Поэма представляет собой почти дословный перевод на современный Гете немецкий язык средневекового сатирического животного эпоса, существовавшего в различных вариантах. Гете воспользовался в качестве прямого источника «Рейнке-лисом» Генриха фон Алькмара, впервые напечатанным в 1498 году и переизданным в 1752 году. Это последнее издание содержало как оригинальный текст на нижненемецком диалекте, так и перевод на язык XVIII века, сделанный И.-Г. Готшедом, известным теоретиком немецкого просветительского классицизма, одним из профессоров Гете в годы его учения в Лейпциге. Гете не отклонялся от старинной поэмы, считая ее вполне современной по содержанию. Такого же мнения придерживался Ф. Шиллер, среди рукописей которого уже после смерти поэта была найдена эпиграмма:
РЕЙНЕКЕ-ЛИС
Якобы много веков назад это создано было.
Мыслимо ль это? Сюжет словно сегодня возник.
(Перевод Б. Ярхо)Именно злободневностью звучания древнего эпоса и было подсказано обращение к нему Гете. Лесное царство, управляемое царем зверей львом Нобилем, — это аллегория человеческого общества, точнее общества феодально-монархического. Гете был свидетелем глубочайшего кризиса этого общества.
Гете работал над «Рейнеке-лисом» с конца января по середину апреля 1793 года. Он начал поэму под впечатлением судебного процесса и казни французского короля Людовика XVI и завершил ее во время похода войск феодальных монархов против революционной Франции. Гете в качестве министра сопровождал в этом походе своего герцога Карла-Августа. «Я предпринял эту работу, чтобы в течение прошедшей первой четверти этого (1793) года отвлечь себя от созерцания мировых событий, и это мне удалось» (Письмо к Ф. Якоби от 2 мая 1793 г.). В самом ли деле отвлекся Гете от современных проблем, работая над «Рейнеке-лисом»? Об этом говорит его письмо Шарлотте фон Кальб: «Вот, милый друг, к вам и пожаловал шельма Рейнеке-лис и рассчитывает на хороший прием. Так как отродье это и в наше время пользуется большим почетом и необходимо при дворах, в особенности же в республиках, вполне законно желание как следует познакомиться с его предками» (28 июня 1793 г.).

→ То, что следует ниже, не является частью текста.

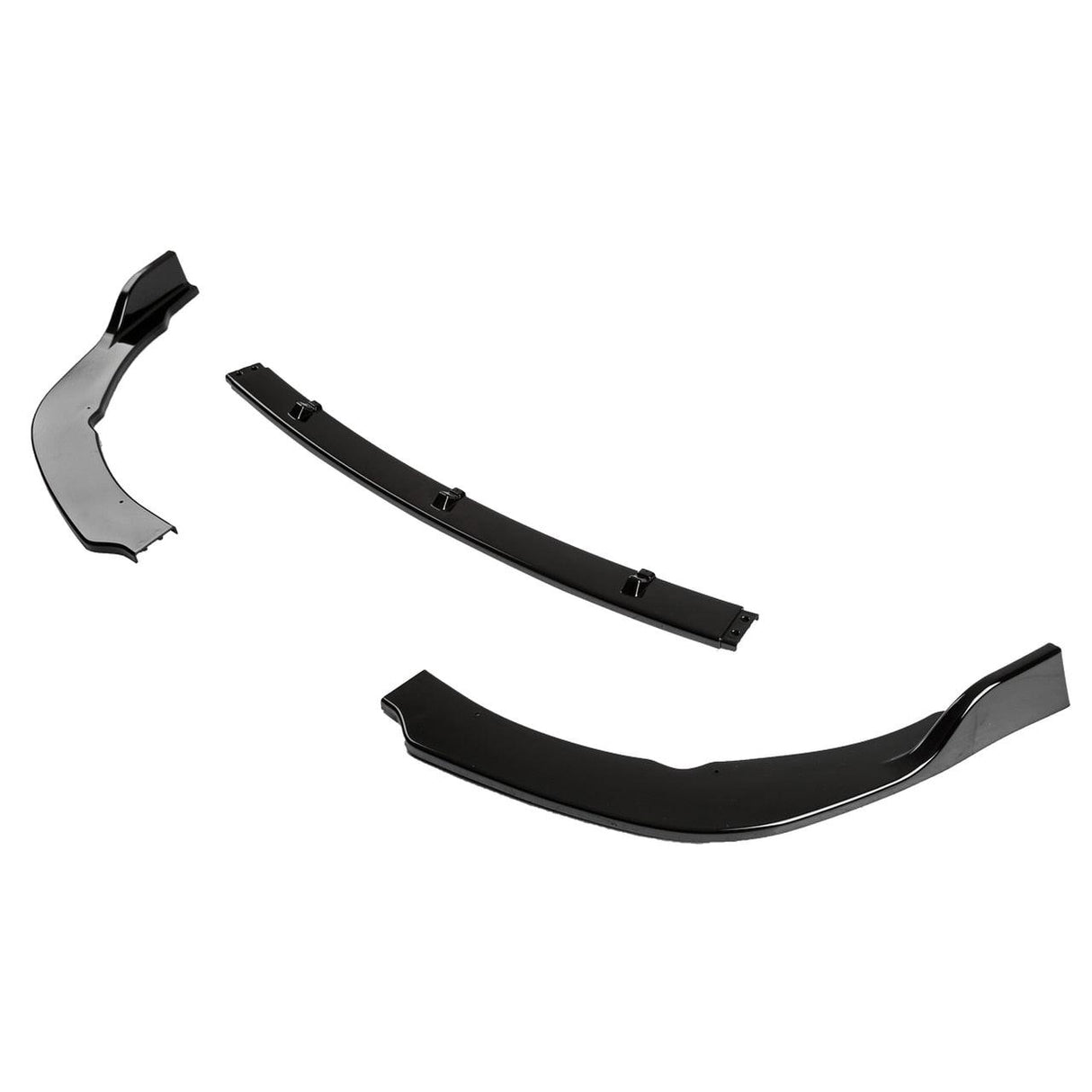 Spec-D Front Bumper Lip Toyota Camry SE/XSE/LE/XLE (2018-2020) Matte or Glossy Black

Сюжет «Рейнеке-лиса» содержит обобщения, дававшие возможность приложить его ко многим временам. Было еще одно обстоятельство, сделавшее средневековый эпос особенно привлекательным для Гете: подобно тому как он избегал крайнего трагизма, ему был чужд и дух беспощадной сатиры. Характеризуя избранный им сюжет, Гете писал: «…Хотя и здесь человеческий род со всей естественностью проявляет себя во всем своем неприкрашенном скотстве, тем не менее все протекает здесь если но образцово, то, во всяком случае, легко и весело, и настоящий юмор нигде не чувствует себя оскорбленным» («Французская кампания 1792 г.», 1822). Гете удачно определил созданный им юмористический эпос, назвав его «несвященной мирской библией» («Анналы», 1793).
Создавая «Рейнеке-лиса», Гете поставил себе и чисто поэтическую задачу: освоить для немецкой поэзии античный стихотворный размер — гекзаметр. Первые опыты такого рода («Мессиаду» Клопштока и идиллию «Луиза» И.-Г. Фосса) Гете справедливо считал недостаточно органичными для немецкого языка. Ему удалось создать легкий, естественно звучащий гекзаметр, ставший образцовым в немецкой поэзии.